### RECORDS FOR THE EXERCISE
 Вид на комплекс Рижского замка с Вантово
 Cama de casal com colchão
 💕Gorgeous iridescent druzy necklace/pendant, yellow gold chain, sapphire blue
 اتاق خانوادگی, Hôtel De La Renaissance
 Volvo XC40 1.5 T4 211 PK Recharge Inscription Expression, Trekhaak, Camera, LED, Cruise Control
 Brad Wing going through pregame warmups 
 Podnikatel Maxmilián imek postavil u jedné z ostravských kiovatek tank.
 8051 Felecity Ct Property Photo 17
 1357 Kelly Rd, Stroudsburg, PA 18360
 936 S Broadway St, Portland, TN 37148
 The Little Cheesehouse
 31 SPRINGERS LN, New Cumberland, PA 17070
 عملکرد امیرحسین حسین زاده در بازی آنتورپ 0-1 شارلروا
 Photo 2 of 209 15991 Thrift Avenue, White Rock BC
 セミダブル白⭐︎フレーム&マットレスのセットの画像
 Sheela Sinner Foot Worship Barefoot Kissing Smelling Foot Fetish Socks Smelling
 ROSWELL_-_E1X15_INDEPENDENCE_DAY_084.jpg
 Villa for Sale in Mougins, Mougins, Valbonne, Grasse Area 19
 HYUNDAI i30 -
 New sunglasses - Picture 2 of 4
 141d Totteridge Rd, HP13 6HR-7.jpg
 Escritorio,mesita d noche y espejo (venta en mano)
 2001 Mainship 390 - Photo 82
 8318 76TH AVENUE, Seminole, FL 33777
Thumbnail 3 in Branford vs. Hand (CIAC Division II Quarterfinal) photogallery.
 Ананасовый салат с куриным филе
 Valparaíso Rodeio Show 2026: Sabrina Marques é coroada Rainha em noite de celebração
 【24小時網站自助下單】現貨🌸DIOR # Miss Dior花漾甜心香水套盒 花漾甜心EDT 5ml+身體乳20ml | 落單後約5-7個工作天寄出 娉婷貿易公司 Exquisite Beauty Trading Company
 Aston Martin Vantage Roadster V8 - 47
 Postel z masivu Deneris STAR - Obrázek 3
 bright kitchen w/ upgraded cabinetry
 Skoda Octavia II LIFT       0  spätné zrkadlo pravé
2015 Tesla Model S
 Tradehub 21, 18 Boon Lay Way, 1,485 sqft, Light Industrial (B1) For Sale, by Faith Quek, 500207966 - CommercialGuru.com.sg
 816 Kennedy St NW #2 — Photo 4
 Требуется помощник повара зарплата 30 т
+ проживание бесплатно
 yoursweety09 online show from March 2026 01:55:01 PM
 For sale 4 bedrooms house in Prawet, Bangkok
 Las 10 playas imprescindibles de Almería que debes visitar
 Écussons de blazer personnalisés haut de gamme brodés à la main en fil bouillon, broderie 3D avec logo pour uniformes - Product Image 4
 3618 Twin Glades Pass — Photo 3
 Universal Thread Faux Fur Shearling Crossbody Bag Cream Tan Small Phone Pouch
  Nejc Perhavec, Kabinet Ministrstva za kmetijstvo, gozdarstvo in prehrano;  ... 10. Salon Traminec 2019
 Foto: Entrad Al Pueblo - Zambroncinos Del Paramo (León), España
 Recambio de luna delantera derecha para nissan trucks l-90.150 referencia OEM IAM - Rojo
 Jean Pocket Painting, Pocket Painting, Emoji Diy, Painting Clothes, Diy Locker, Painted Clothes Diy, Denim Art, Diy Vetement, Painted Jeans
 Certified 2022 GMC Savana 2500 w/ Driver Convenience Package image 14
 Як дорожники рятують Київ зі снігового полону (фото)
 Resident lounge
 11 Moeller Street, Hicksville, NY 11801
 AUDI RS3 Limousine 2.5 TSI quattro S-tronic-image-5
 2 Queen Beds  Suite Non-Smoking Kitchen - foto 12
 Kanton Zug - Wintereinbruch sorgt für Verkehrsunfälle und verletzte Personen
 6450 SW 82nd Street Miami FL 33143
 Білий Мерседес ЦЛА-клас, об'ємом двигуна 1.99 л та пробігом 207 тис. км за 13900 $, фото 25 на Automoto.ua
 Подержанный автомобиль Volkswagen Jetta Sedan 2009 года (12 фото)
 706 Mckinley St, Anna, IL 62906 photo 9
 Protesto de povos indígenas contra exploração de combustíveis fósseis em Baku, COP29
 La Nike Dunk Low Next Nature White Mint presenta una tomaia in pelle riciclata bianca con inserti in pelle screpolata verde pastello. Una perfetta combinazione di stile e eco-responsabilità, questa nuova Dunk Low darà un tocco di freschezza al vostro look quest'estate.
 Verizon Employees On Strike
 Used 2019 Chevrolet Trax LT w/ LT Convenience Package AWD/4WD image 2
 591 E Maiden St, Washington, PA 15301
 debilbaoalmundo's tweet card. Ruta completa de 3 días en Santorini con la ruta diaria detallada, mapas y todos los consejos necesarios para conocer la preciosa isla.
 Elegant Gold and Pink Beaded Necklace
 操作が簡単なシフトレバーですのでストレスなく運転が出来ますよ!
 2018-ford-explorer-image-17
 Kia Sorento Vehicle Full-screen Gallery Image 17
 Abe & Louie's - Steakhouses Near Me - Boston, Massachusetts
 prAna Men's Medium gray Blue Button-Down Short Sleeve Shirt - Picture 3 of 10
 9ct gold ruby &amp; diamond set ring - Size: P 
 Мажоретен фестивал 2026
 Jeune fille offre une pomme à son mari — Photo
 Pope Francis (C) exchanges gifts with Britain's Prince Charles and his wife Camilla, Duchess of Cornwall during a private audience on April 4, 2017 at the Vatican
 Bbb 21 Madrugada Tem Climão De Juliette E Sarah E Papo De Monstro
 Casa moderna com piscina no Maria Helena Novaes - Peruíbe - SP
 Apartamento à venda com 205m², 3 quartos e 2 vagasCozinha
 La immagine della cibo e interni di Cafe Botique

### YOUR ASSIGNMENT
Could you retype exactly the lines above, starting at the line that contains "The Little Cheesehouse" and ending at the line that contains "Escritorio,mesita d noche", and nothing more?

### RESULT BELOW
 The Little Cheesehouse
 31 SPRINGERS LN, New Cumberland, PA 17070
 عملکرد امیرحسین حسین زاده در بازی آنتورپ 0-1 شارلروا
 Photo 2 of 209 15991 Thrift Avenue, White Rock BC
 セミダブル白⭐︎フレーム&マットレスのセットの画像
 Sheela Sinner Foot Worship Barefoot Kissing Smelling Foot Fetish Socks Smelling
 ROSWELL_-_E1X15_INDEPENDENCE_DAY_084.jpg
 Villa for Sale in Mougins, Mougins, Valbonne, Grasse Area 19
 HYUNDAI i30 -
 New sunglasses - Picture 2 of 4
 141d Totteridge Rd, HP13 6HR-7.jpg
 Escritorio,mesita d noche y espejo (venta en mano)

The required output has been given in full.